Lalu tiba-tiba saya teringat, lho, itu kan sama persis dengan situasi Indonesia di jaman Orde Baru?!
Produk Orba seperti saya (baca: kelahiran sebelum 1980) masih ingat sekali betapa berbedanya iklim demokrasi di bawah Orba dan era reformasi. Sekarang rakyat Indonesia bisa dengan bebas berpendapat tentang pemerintah dan wakil rakyatnya, badan-badan independen seperti KPK bisa menjalankan fungsi pengawasannya, dan media bisa menulis tentang korupsi tanpa takut dibredel atau wartawannya diancam. Di jaman Orba, walaupun di atas permukaan kelihatannya rapi dan terkontrol, di bawahnya banyak kegelisahan mencari sesuatu yang hilang: kebebasan untuk berekspresi dan berpendapat, kehausan akan pemerintahan yang bersih dan bekerja untuk rakyatnya. Mourad dan Casablancanya adalah refleksi diri sendiri versi jaman mahasiswa.
Anak-anak muda yang lahir setelah tahun 1990 banyak yang tidak sadar atau menghargai betapa beruntungnya mereka bisa tumbuh dalam suasana demokrasi. Tahun ini sebagian besar dari generasi pasca-Orba ini akan ikut pemilu untuk pertama kalinya. Banyak yang pasti merasa bingung oleh derasnya arus informasi dari kedua kubu capres. Bagi saya, tidak ada kebingungan sama sekali. Karena saya bisa membandingkan Indonesia hari ini dengan Indonesia versi Orde Baru, dan bisa membayangkan akan seperti apa Indonesia dalam sepuluh tahun ke depan kalau proses demokrasi ini terus berlanjut. Setelah mempelajari dengan seksama karakter, track record dan visi capres dari kedua kubu, saya melihat hanya satu capres yang saya percaya bisa membawa demokrasi kita ke tingkat kematangan berikutnya dan menjadi inspirasi bagi pemerintahan yang bersih dan transparan.
Jokowi.
Lawannya, Prabowo, bukan hanya bagian kelompok elit jaman Orba, tapi juga memiliki masa lalu yang sangat tidak sejalan dengan konsep demokrasi. Menurut sebuah interview, dia pengagum W. Bush, Blair, dan Putin, yang semuanya suka perang (warmongers). Prabowo juga memuji Musharraf atas keberaniannya untuk menjadi pemimpin fasis diktator. Video kampanye yang dibuat pendukungnya bagi saya sangat mengerikan dan penuh simbolisme kekerasan dan fasisme. Hal ini membuat saya khawatir pemerintahan di bawah Prabowo akan memutar balik jam sejarah demokrasi kita dan membuat Orba, bukan Indonesia, bangkit kembali.
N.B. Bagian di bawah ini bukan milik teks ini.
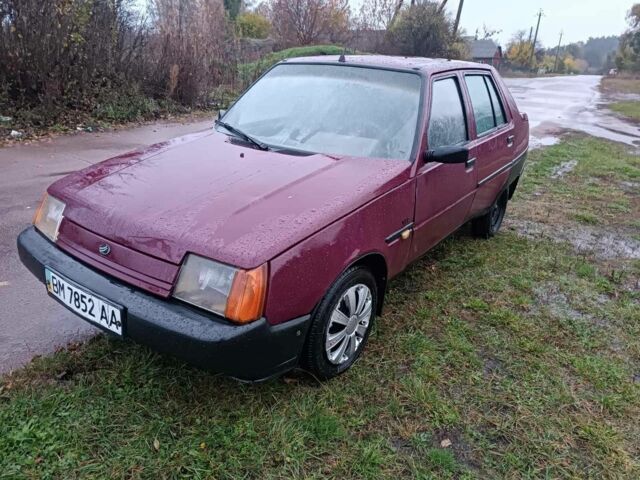 Красный ЗАЗ 1103 Славута, объемом двигателя 0 л и пробегом 350 тыс. км за 576 $, фото 6 на Automoto.ua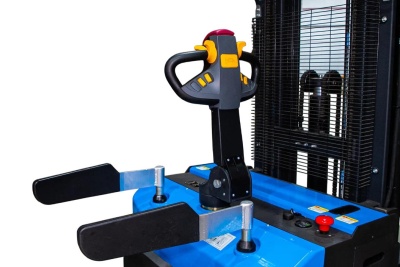 Штабелер самоходный 2,0 т 3,5 м TOR ES20D4 24/210 В/Ач ЭУР, Curtis, H-мачта (с платформой) купить в Москве с доставкой по всей России | ProtosMarket.ru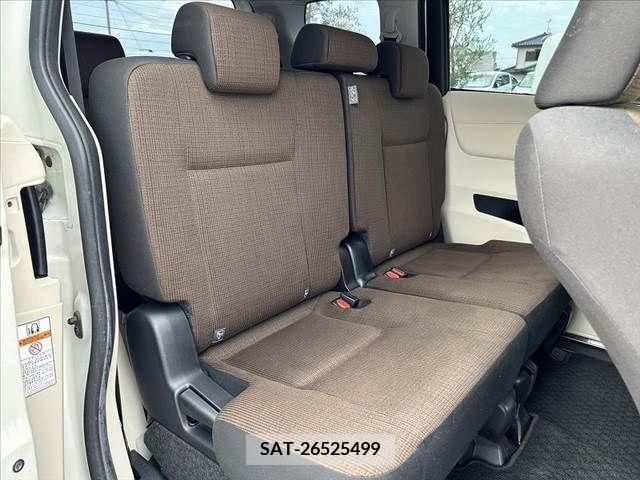 Toyota SIENTA 2016-08 314434-18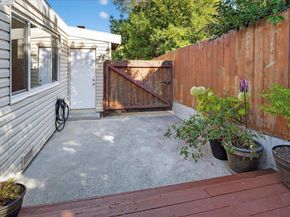 18201 Lake Chabot Rd, Castro Valley CA 94546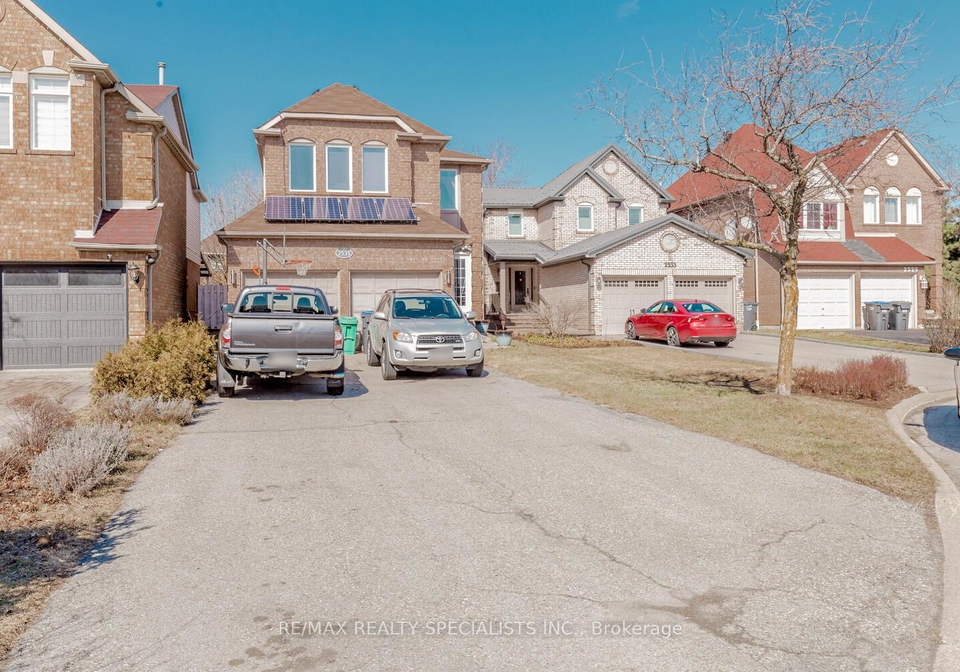 2535-raglan-court-mississauga-ontario-w13637248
Buat para pemilih muda yang beruntung tidak mengalami jaman Orba, coba minta om, tante dan orangtua anda untuk bercerita tentang kehidupan di Indonesia di masa itu. Juga ikuti berita tentang revolusi di negara-negara Arab yang sedang berlangsung (Arab Spring) sambil membayangkan bagaimana rasanya hidup di bawah pemerintahan yang otokratik. Pikirkan baik-baik Indonesia yang seperti apa yang anda inginkan dalam 10 tahun ke depan, dan calon presiden yang mana yang bisa anda percayai untuk merealisasikannya.
Bagi saya, Casablanca cukup sebagai nama salah satu jalan di Jakarta dan medium untuk refleksi diri, tapi jangan sampai menjadi tujuan perjalanan demokrasi kita.